Quantifying and monitoring overdiagnosis in cancer screening: a systematic review of methods.” This is big stuff: “The consequences of overdiagnosis include unnecessary labeling of people with a lifelong diagnosis as well as unneeded treatments and surveillance that cause physical and psychosocial harm. A patient who is overdiagnosed cannot benefit from the diagnosis or treatment but can only be harmed.” I absolutely agree, but it is so hard to get this message across to a public who are currently being told that all cancer is going to be curable soon, that early detection is the key and that is why the UK lags behind the rest of the world. And the evidence tends to be so partial and contestable. It’s like a nightmare where you find yourself lost in unfamiliar streets only to realize that you have no clothes on and you’ve forgotten what your hotel is called. Help! “We need internationally agreed standards for ecological and cohort studies and a multinational team of unbiased researchers to perform ongoing analysis.” Phew, some pants at last.

I am all for individual participant meta-analysis to answer important medical questions.
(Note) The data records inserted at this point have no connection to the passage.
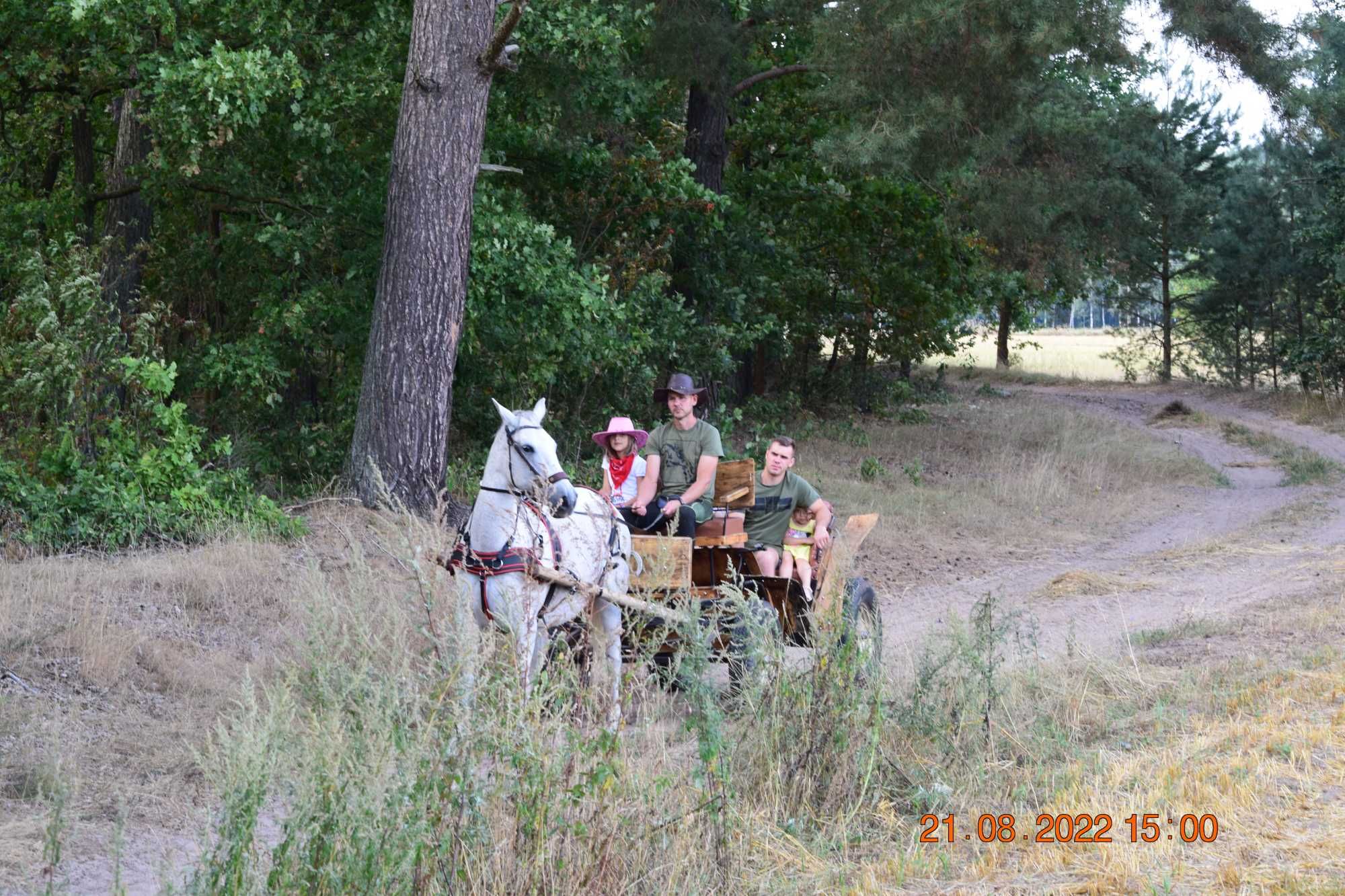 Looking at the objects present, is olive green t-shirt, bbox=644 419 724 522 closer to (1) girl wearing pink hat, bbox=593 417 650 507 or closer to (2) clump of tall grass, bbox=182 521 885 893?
(1) girl wearing pink hat, bbox=593 417 650 507

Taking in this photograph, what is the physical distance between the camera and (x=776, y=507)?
8281 millimetres

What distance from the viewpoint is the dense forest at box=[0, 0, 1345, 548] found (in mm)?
11344

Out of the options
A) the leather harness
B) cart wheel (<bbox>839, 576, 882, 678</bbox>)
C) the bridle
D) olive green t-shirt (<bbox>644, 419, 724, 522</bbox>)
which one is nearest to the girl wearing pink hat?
olive green t-shirt (<bbox>644, 419, 724, 522</bbox>)

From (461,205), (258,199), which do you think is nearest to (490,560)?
(461,205)

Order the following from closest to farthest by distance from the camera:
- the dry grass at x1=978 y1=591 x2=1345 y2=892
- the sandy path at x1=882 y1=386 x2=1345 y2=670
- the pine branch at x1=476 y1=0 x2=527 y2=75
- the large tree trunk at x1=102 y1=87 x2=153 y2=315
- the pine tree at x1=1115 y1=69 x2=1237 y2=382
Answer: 1. the dry grass at x1=978 y1=591 x2=1345 y2=892
2. the sandy path at x1=882 y1=386 x2=1345 y2=670
3. the pine branch at x1=476 y1=0 x2=527 y2=75
4. the large tree trunk at x1=102 y1=87 x2=153 y2=315
5. the pine tree at x1=1115 y1=69 x2=1237 y2=382

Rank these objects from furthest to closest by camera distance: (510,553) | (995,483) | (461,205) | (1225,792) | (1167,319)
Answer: (1167,319) → (995,483) → (461,205) → (510,553) → (1225,792)

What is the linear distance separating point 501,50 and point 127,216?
5.48 m

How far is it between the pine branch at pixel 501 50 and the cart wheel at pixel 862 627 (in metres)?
5.84

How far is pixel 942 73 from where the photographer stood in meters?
15.7

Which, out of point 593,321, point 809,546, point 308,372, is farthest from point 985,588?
point 308,372

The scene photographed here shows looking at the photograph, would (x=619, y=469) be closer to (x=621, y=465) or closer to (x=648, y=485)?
(x=621, y=465)

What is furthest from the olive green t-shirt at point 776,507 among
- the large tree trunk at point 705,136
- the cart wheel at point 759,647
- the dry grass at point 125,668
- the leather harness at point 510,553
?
the large tree trunk at point 705,136

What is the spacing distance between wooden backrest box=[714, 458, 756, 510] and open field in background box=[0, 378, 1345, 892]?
4.43 feet

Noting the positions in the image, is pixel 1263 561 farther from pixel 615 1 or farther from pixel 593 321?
pixel 615 1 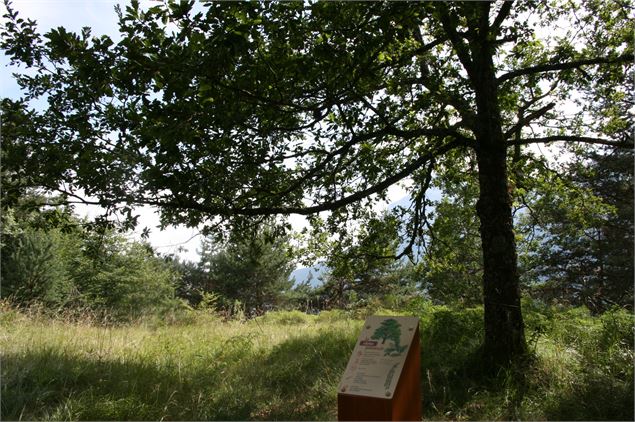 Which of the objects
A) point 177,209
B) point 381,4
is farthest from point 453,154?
point 177,209

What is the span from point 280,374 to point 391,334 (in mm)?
3566

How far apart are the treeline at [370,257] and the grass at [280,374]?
140 cm

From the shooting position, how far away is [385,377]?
3381 millimetres

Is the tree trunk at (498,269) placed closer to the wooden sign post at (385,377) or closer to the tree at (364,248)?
the tree at (364,248)

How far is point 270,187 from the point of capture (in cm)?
618

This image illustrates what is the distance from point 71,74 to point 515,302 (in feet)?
20.7

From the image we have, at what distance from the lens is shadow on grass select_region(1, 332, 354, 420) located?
16.0 ft

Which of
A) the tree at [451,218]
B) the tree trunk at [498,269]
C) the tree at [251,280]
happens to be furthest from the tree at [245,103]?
the tree at [251,280]

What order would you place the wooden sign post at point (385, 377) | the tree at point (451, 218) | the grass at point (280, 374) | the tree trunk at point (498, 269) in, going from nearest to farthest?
the wooden sign post at point (385, 377) → the grass at point (280, 374) → the tree trunk at point (498, 269) → the tree at point (451, 218)

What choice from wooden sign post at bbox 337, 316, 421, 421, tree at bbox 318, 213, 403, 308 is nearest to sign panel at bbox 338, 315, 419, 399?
wooden sign post at bbox 337, 316, 421, 421

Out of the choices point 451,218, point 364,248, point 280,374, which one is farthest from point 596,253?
point 280,374

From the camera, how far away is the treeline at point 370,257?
793 centimetres

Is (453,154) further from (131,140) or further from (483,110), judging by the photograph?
(131,140)

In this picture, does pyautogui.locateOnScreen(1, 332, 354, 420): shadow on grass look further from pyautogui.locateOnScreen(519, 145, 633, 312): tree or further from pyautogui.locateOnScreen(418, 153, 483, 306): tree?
pyautogui.locateOnScreen(519, 145, 633, 312): tree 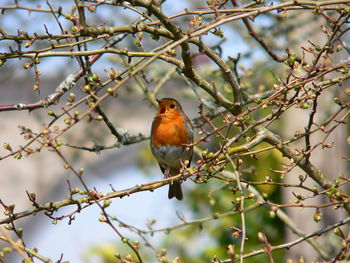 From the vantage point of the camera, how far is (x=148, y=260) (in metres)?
6.75

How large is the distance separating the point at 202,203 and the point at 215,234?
523mm

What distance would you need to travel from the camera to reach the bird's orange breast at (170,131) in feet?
15.2

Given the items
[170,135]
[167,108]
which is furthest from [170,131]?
[167,108]

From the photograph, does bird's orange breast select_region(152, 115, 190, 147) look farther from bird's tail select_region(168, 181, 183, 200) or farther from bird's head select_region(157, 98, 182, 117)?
bird's tail select_region(168, 181, 183, 200)

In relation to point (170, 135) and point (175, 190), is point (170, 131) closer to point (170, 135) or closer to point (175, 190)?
point (170, 135)

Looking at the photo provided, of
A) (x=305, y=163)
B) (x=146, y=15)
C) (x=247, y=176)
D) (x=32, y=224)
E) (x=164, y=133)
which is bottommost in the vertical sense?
(x=305, y=163)

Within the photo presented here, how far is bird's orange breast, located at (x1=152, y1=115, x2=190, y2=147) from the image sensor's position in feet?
15.2

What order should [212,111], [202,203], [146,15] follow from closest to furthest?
[146,15]
[212,111]
[202,203]

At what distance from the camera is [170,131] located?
463cm

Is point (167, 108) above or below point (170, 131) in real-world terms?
above

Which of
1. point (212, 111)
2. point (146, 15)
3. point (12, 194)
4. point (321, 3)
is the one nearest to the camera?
point (321, 3)

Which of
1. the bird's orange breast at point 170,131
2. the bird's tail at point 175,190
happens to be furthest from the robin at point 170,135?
the bird's tail at point 175,190

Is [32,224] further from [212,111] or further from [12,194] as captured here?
[212,111]

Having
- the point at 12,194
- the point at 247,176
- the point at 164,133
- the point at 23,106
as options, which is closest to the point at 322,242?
the point at 247,176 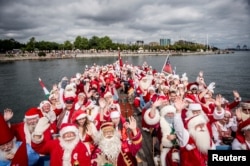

This massive multi-author review seeks to discover if people who work longer hours tend to drink more alcohol. They do. I am glad to hear it: they deserve their reward. I hope they can afford to drink better alcohol, too. Most 2010 Bordeaux classic growths are worth laying down now but they won’t be ready for drinking for a few years yet. But if you have good white Burgundy older than six years, I would advise drinking it now, because so many from before 2006 turn out to have oxidized.

Plant of the Week: Coronilla valentina subsp. glauca “Citrina”

I have often heard elderly patients refer to their “bastard senna” either because it didn’t work or because it worked too well, but I didn’t realize that there is actually a plant that bears such a name, and this is the one. I’ve grown it two or three times, but it always dies with us, the bastard. It is a lovely little climber with pretty pea-foliage and sweetly scented yellow flowers, borne from now and on until the early summer.

I have no idea if the pods of bastard senna have laxative qualities like those of the true senna. All I know is that it can provide winter joy and also comes in a variegated form.